夕暮れの時の居酒屋に集まる、カジュアルな服装の男女。男性は30〜40代くらい、女性は男性よりやや若く、皆、個性的でかわいい。なんの変哲もない居酒屋の風景に見えるが、話の内容は、映画について。演出の話、撮影、機材、資金調達とかなりマニアック。

 今日初めて会う人々も少なくないようで、自己紹介的な挨拶も交わされている。そう、彼らの多くは映画監督の卵で、ルックスのいい男女は俳優の卵。都心からほど近く、最寄駅からはやや遠い、埼玉県川口市SKIPシティで7月15日から23日まで開催されたSKIPシティ国際Dシネマ映画祭に応募し、ノミネートされた映画の関係者なのだ。いつもは落ち着いたSKIPシティ内の居酒屋だが、映画祭会期中はほぼ毎日、こんな風景が繰り広げられ、普段とは打って変わったにぎわいを見せていた。

映画祭の持つ役割

 映画祭には大きく2つの役割がある。

 役割のひとつは観客のためのもの。あらゆる場所で、多くの人が、多様な映画体験ができるよう、日本全国、いや世界の様々な場所で開催される。

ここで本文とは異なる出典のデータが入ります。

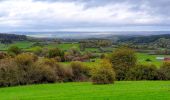 Tour Wandern Beauraing - Balade à Honnay - Beauraing - Photo 1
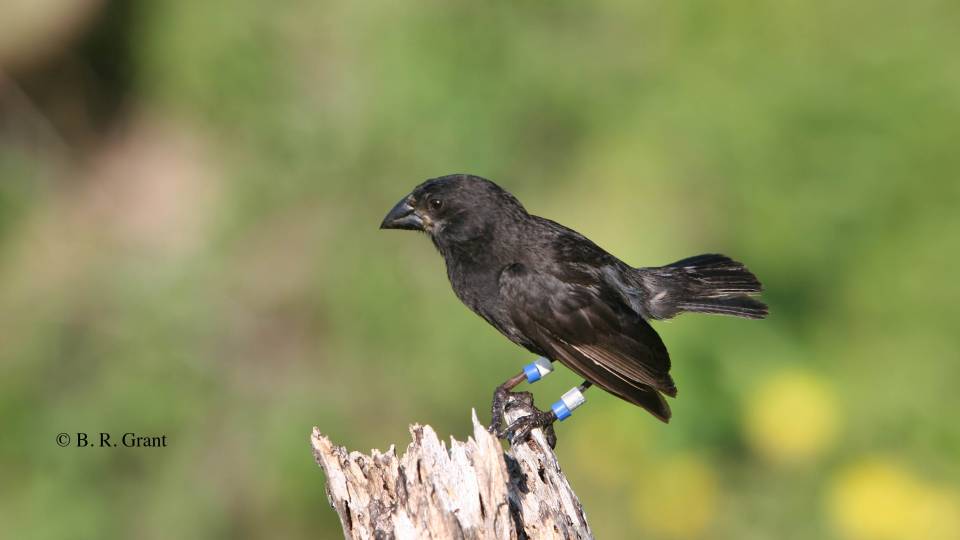 A medium ground finch perches on a stump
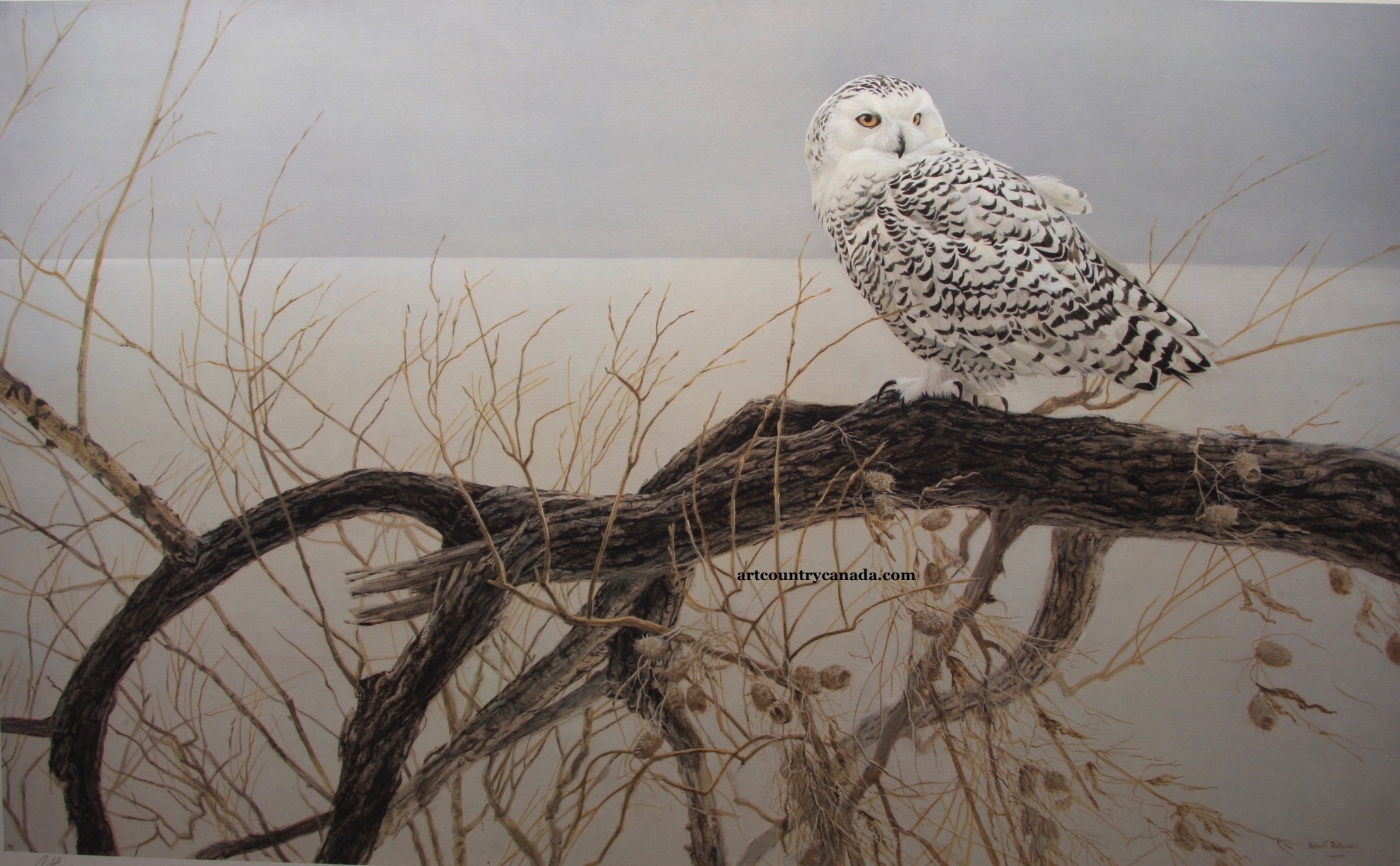 Robert Bateman Fallen Willow Snowy Owl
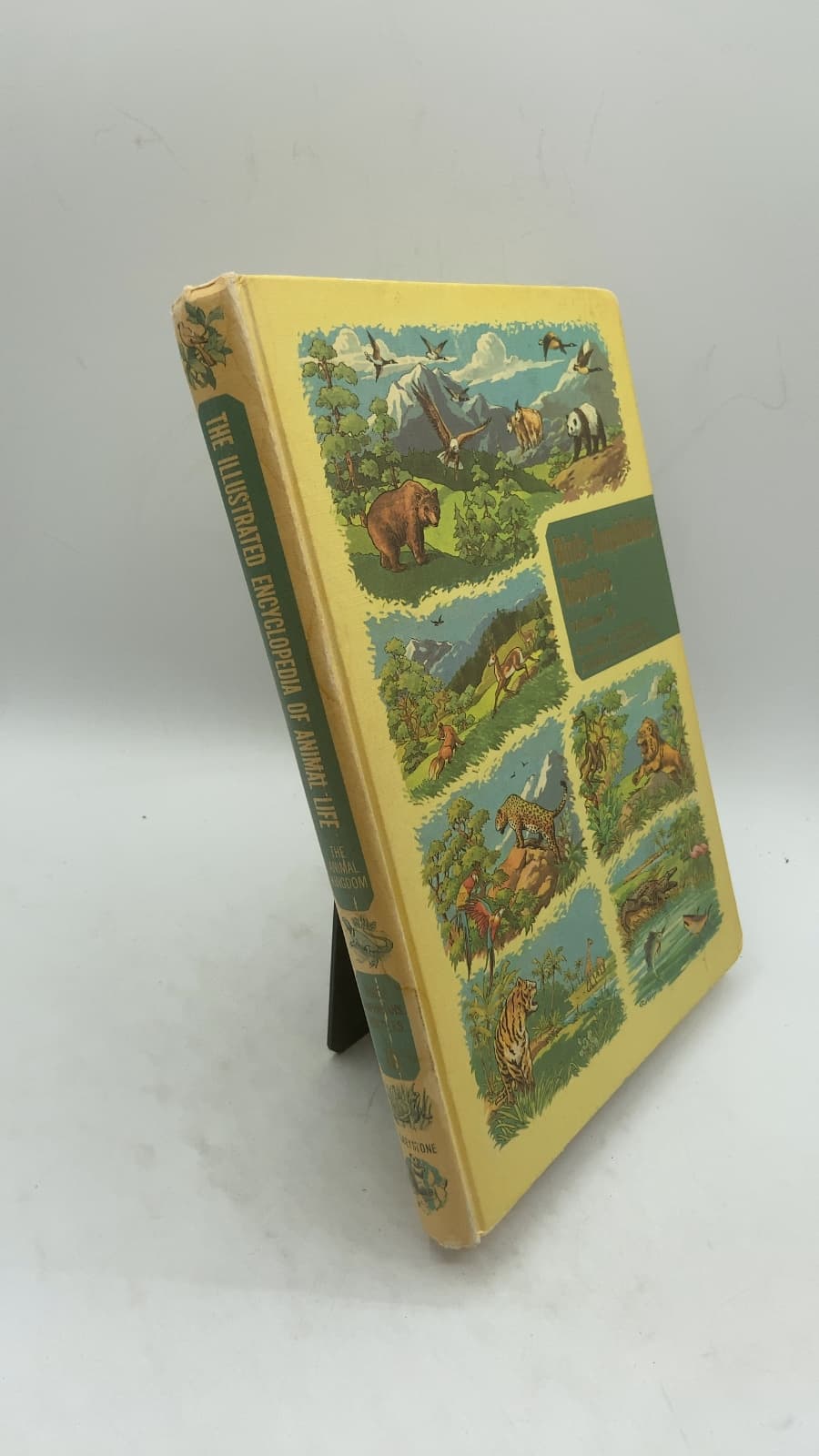 The Illustrated Encyclopedia of Animal Life: The Animal Kingdom by Frederick Drimmer, M.A. - front cover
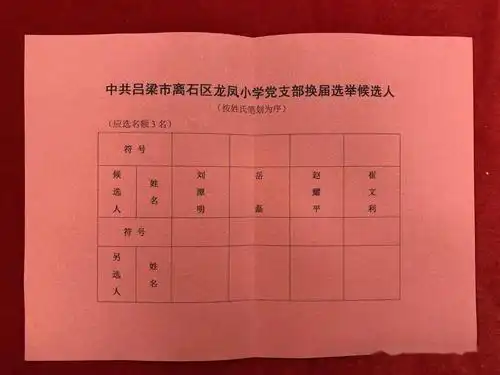 给党员发放选票监票,计票员清点人数及选票数量进行大会选举07本次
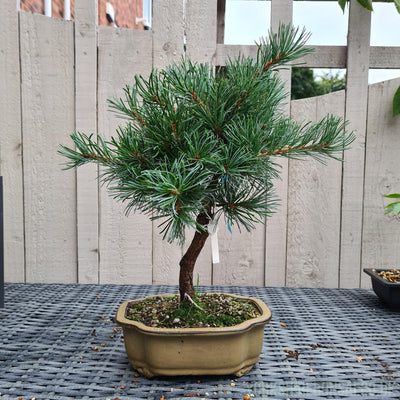 Japanese White Pine Bonsai Tree (Pinus Parviflora) | Shaped Broom Style | Height 40cm | In 20cm Pot | YB1180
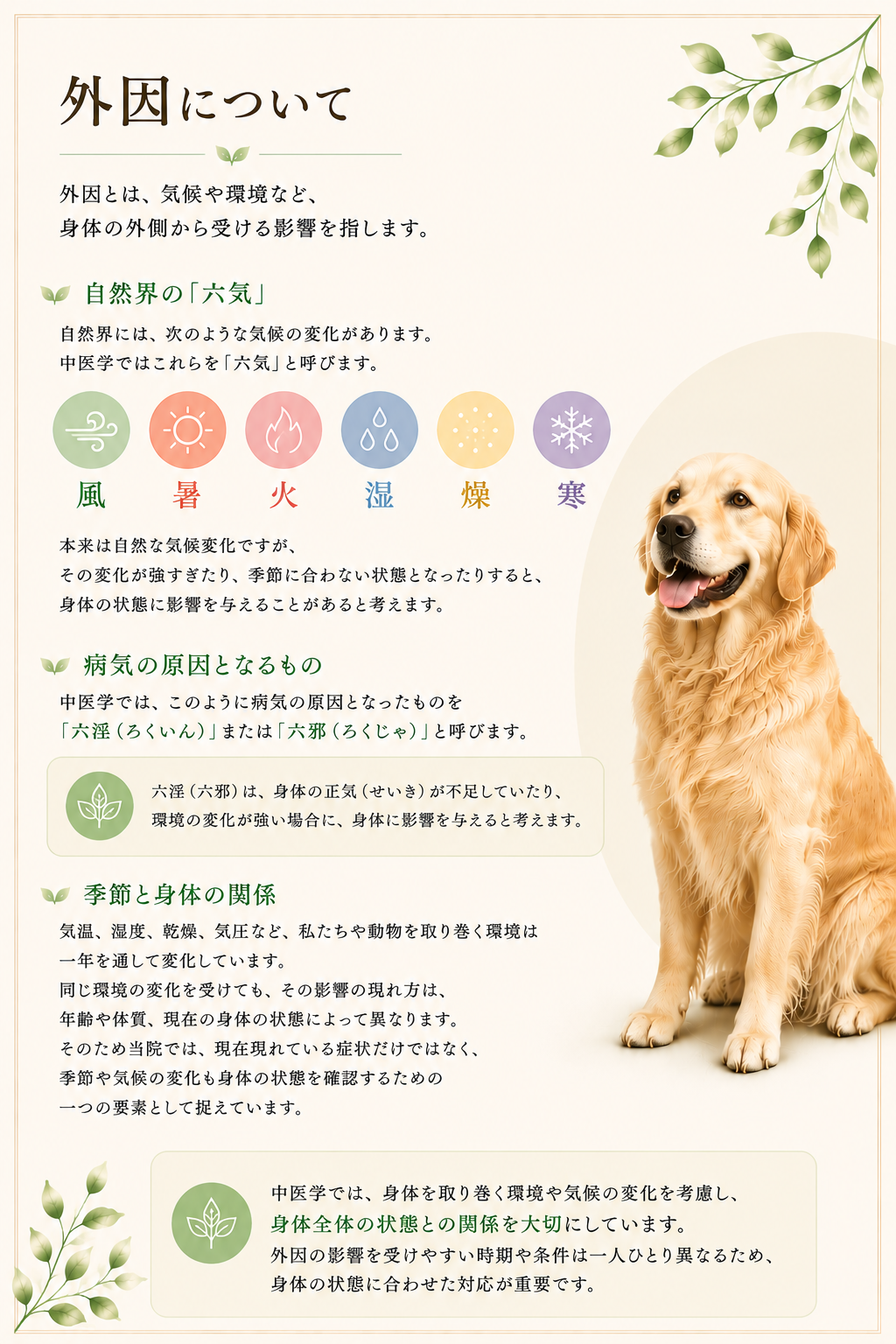 季節との関係①病気の原因-外因についてHP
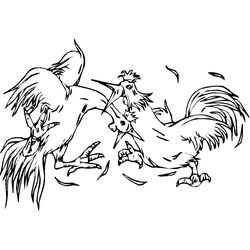 Gallo #4143
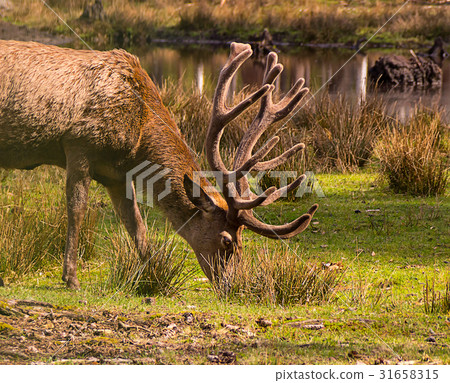 Brown deer with new horns looking for food 31658315
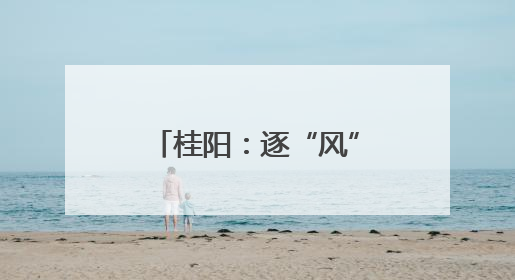 桂阳：逐“风”追“光” 向“新”向“绿”发展
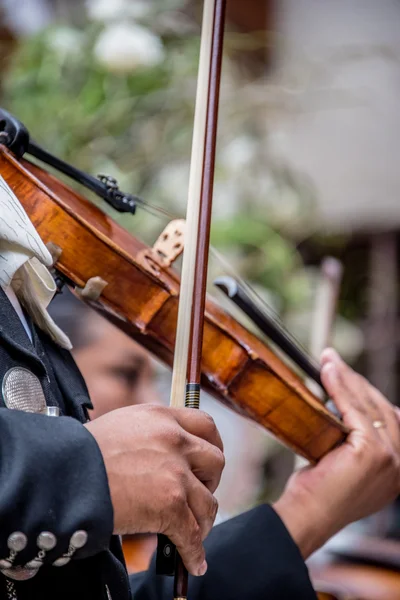 Mariachi kemancı seçici odak çekim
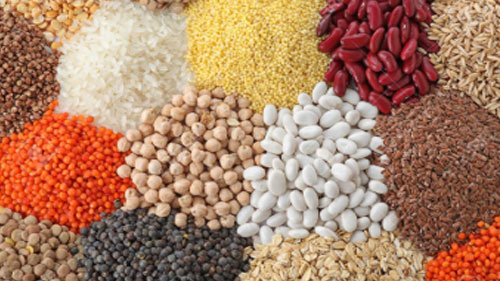 Frozen Foods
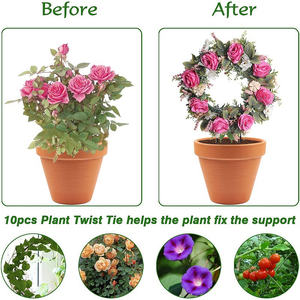 HY198 Planta redonda Enrejado Vine Climber Pole Planter Escalada Soporte de hierro Estaca de jardín - Product Image 3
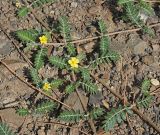 Tribulus terrestris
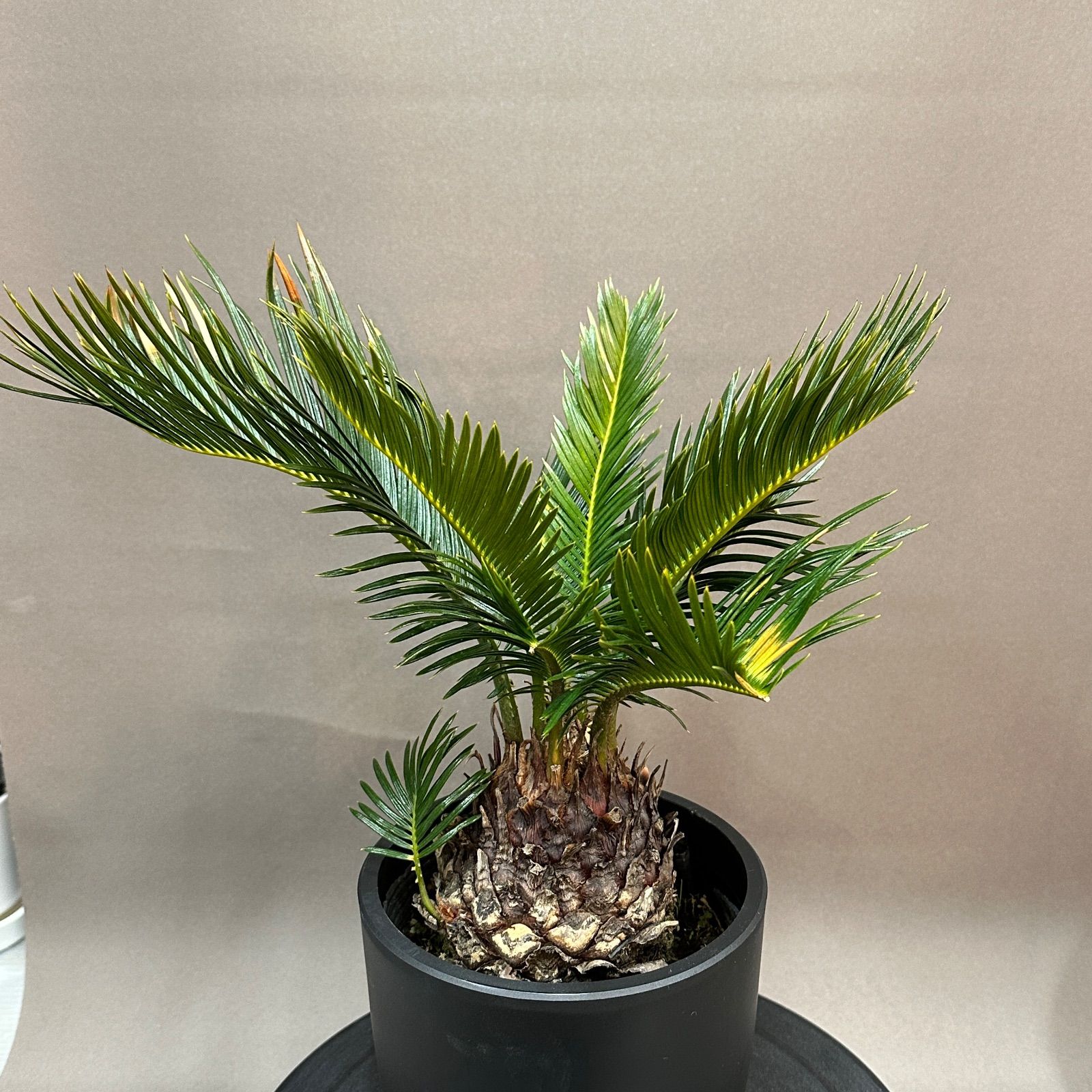 [ぺてぃのお店] 蘇鉄 ソテツ サイカス レヴォルタ Cycas revoluta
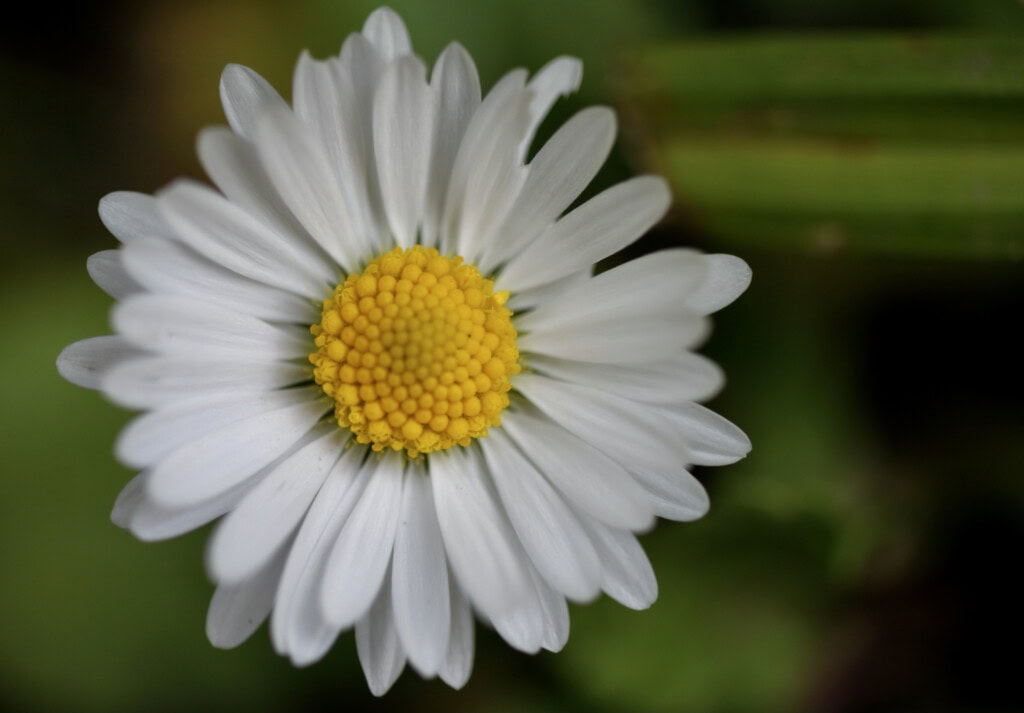 Daisy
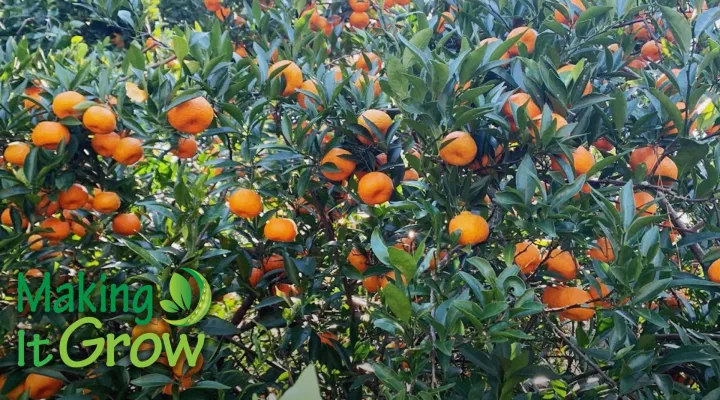  Farm Grows Its Citrus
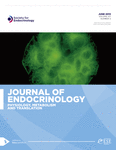 Current Issue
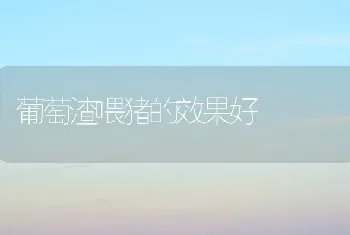 葡萄渣喂猪的效果好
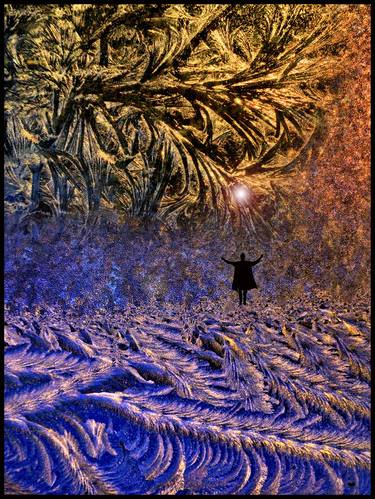Original Abstract Expressionism Fantasy Photography by Algis Kemezys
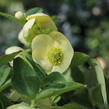Čemeřice 'Quintessa Gold' - Helleborus hybridus 'Quintessa Gold'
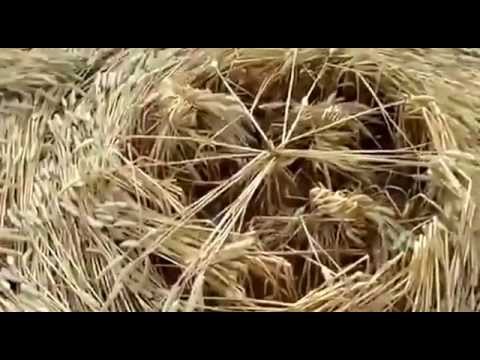 REAL UFOS Filmed Making CROP CIRCLES in Wiltshire, England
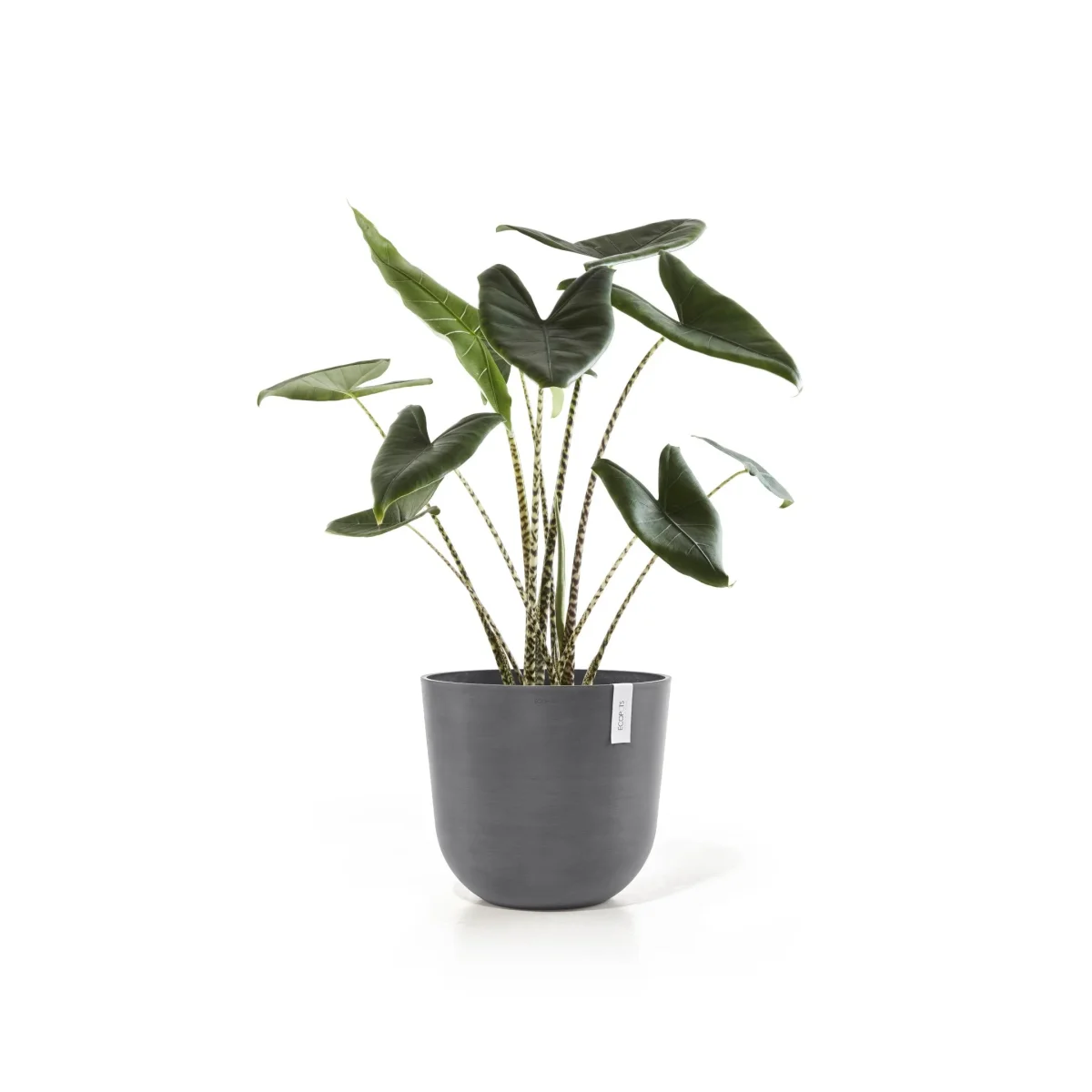 Kukkaruukku Oslo 45cm harmaa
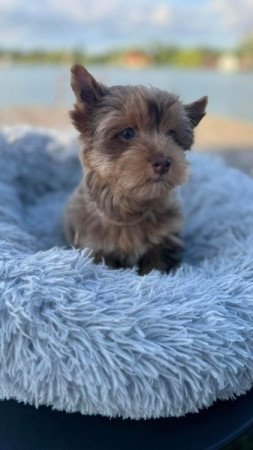 Yorkshire terrier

 もうひとつは作り手のためのもの。上映(=発表)の場である映画祭は、若手映画監督の育成においてもまた最適な場所だ。“映画は人が観て初めて完成する芸術”とよく言われる。でも、観ただけでは成立しない。そこに観たことの対価がなければ。経済の後ろ盾なしに成立する芸術はない。映画作家と経済的背景を結びつけるのも映画祭の役割のひとつなのだ。

 ただ日本の映画祭の成立の仕方を見ると、ほとんどの場合、そのどちらでもなく、町おこし的な発想から始まっている。いや、スタートアップは予算を持つところの発想でいいのだが、継続させるには、それをやる“意味”と“資金”の両方が必要になる。この2つは、意味があるから予算が付き、予算が付くから意味がより強固なものになっていくというインタラクティブな両輪だ。日本には現在、150を越える映画祭が存在する。でも映画祭を継続させるのは難しく、開催数が10回を超えるのはわずかなのだ。